**Work task**:
A verbatim reproduction of the lines below, from the line containing "OEM Aangepaste Fabriek" through the line containing "Fury Rune (R01b) [Unleashed]", both ends included, is the whole required output.

BEGIN

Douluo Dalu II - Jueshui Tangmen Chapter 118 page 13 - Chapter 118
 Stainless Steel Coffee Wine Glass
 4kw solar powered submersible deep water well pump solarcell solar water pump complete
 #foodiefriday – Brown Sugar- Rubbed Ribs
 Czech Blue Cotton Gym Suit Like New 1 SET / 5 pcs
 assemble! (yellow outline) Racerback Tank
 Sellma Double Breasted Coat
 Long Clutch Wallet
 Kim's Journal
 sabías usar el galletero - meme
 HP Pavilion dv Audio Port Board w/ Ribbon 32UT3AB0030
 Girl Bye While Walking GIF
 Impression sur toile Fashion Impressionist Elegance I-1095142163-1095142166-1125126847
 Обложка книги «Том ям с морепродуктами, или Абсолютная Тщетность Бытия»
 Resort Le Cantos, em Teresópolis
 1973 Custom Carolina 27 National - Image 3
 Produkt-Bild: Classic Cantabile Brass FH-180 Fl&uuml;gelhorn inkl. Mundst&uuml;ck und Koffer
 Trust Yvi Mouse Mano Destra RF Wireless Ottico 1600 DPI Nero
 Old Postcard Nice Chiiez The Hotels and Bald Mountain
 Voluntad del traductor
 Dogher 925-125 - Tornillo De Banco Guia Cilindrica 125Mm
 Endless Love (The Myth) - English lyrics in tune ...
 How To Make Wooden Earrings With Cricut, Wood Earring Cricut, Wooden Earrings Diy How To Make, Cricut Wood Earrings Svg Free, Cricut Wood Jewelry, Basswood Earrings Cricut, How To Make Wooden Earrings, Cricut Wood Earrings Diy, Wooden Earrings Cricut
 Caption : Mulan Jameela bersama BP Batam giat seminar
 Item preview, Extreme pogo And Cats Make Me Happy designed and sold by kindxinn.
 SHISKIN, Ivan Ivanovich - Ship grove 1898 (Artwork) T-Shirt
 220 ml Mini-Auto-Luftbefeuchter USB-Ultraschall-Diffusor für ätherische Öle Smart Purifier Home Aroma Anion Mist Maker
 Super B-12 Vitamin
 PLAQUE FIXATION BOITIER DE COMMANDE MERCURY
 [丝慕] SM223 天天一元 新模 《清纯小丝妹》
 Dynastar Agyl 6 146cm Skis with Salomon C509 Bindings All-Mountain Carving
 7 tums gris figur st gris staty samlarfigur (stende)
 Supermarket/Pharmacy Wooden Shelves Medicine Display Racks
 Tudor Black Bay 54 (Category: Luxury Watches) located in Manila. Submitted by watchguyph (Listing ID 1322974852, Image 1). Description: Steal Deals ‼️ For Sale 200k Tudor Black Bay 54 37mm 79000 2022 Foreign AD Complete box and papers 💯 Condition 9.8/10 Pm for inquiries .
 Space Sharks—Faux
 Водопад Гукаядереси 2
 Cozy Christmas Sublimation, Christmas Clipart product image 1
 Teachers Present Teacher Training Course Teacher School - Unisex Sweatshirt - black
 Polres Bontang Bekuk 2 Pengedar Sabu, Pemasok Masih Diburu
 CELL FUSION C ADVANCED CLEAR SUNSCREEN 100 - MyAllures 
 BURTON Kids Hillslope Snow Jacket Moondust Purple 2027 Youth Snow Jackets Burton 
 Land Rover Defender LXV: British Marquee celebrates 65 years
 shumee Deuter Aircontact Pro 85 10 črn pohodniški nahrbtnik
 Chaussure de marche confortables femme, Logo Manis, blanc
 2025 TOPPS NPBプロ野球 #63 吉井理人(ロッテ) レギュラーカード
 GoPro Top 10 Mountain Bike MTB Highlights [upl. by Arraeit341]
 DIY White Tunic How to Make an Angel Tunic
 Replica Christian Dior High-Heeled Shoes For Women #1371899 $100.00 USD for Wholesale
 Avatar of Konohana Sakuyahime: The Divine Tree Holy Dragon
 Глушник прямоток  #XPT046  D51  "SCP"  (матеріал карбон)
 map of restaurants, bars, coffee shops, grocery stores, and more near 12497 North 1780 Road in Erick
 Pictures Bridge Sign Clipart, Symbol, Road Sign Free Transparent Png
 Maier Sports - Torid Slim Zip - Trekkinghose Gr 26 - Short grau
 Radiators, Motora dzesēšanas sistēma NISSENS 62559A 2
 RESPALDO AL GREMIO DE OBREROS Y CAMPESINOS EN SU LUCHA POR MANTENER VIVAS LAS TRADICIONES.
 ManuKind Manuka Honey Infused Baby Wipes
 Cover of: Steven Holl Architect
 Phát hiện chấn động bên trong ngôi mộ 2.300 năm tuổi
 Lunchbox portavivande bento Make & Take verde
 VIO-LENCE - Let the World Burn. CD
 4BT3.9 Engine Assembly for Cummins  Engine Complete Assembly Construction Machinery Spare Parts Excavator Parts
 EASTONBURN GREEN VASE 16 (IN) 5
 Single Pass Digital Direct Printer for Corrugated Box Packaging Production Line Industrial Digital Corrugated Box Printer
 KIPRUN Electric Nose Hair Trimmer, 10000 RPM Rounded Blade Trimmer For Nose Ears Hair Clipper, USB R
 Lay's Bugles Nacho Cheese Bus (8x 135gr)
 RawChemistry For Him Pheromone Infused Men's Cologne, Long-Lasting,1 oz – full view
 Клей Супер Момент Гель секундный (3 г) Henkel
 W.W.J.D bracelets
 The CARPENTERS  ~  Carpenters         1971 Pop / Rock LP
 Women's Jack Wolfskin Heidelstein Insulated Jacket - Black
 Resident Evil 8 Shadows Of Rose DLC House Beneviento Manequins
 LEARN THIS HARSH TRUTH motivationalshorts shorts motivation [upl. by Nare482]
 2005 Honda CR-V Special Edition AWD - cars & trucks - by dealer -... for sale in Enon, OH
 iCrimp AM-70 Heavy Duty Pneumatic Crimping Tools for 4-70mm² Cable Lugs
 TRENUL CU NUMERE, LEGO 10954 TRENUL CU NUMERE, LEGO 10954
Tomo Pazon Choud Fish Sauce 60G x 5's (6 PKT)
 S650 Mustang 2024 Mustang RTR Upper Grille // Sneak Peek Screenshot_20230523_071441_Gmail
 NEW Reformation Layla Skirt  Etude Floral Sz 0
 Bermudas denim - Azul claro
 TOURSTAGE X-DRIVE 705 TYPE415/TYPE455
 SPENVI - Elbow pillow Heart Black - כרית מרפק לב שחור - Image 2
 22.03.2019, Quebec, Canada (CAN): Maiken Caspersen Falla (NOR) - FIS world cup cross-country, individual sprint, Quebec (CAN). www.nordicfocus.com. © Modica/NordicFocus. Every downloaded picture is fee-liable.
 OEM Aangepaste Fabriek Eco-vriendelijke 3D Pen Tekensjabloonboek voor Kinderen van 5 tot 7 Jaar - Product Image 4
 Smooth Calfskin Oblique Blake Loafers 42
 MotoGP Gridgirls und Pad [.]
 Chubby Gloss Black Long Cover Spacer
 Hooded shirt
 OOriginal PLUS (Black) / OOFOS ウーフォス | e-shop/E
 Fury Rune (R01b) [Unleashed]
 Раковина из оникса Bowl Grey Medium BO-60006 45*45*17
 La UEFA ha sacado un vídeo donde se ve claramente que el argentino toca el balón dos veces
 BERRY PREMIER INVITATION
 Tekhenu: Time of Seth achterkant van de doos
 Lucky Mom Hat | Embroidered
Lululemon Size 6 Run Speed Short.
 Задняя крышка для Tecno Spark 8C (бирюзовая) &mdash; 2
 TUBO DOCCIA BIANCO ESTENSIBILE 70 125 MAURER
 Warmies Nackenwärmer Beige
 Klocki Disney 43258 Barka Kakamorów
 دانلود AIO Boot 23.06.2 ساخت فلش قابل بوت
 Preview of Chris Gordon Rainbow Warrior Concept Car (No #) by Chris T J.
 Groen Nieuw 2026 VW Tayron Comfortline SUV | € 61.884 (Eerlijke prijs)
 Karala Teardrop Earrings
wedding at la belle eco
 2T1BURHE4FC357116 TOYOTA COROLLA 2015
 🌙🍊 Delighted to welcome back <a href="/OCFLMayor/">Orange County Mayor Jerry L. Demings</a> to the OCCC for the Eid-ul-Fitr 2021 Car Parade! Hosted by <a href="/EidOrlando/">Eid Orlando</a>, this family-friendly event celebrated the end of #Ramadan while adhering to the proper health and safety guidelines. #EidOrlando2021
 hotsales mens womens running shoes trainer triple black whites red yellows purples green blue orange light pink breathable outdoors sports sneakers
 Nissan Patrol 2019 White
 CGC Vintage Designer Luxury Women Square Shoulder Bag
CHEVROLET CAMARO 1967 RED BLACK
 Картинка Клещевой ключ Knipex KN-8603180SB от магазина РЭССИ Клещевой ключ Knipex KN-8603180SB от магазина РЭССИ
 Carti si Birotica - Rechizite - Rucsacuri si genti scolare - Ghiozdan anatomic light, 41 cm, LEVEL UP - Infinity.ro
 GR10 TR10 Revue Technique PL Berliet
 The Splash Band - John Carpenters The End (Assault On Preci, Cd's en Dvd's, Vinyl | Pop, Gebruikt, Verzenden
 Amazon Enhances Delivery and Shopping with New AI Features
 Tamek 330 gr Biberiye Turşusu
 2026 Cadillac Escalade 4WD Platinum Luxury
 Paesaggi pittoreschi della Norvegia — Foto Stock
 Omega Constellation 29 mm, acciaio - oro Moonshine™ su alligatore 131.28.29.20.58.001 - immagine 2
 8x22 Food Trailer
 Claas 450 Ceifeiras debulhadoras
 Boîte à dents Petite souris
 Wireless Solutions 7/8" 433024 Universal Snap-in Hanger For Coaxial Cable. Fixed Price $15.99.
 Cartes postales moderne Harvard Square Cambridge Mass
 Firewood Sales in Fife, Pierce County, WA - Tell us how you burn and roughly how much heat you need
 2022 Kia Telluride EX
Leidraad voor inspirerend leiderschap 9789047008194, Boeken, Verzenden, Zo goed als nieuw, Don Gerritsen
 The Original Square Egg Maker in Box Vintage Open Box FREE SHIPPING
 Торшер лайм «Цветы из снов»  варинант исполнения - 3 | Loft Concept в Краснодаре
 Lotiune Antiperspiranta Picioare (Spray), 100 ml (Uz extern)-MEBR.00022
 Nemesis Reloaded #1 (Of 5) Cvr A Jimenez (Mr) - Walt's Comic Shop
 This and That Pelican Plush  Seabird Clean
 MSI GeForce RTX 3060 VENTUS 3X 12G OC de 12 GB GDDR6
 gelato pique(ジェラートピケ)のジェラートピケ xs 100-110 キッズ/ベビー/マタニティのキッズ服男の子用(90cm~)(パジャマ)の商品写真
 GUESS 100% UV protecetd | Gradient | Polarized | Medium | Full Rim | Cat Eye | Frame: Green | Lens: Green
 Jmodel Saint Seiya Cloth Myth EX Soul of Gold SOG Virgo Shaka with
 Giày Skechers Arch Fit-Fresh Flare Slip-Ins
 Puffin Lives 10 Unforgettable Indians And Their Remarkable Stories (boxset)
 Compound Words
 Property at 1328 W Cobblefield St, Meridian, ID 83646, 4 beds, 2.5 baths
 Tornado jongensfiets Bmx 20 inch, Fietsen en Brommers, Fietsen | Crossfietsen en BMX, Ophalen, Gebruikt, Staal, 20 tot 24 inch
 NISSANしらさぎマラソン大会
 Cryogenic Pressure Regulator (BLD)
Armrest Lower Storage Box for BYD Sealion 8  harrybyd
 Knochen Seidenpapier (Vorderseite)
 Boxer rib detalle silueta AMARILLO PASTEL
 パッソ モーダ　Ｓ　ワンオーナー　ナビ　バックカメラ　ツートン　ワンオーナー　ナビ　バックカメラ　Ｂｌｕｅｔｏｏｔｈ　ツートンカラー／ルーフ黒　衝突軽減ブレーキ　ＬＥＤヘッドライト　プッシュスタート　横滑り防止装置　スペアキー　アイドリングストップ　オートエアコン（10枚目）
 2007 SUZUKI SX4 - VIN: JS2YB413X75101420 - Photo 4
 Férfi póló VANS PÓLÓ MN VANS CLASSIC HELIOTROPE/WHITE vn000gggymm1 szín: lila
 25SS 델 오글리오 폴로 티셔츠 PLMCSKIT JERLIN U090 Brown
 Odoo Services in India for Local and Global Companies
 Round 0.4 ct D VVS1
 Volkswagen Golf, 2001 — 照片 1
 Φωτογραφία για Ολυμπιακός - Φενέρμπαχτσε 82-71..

END

**Task answer**:
 OEM Aangepaste Fabriek Eco-vriendelijke 3D Pen Tekensjabloonboek voor Kinderen van 5 tot 7 Jaar - Product Image 4
 Smooth Calfskin Oblique Blake Loafers 42
 MotoGP Gridgirls und Pad [.]
 Chubby Gloss Black Long Cover Spacer
 Hooded shirt
 OOriginal PLUS (Black) / OOFOS ウーフォス | e-shop/E
 Fury Rune (R01b) [Unleashed]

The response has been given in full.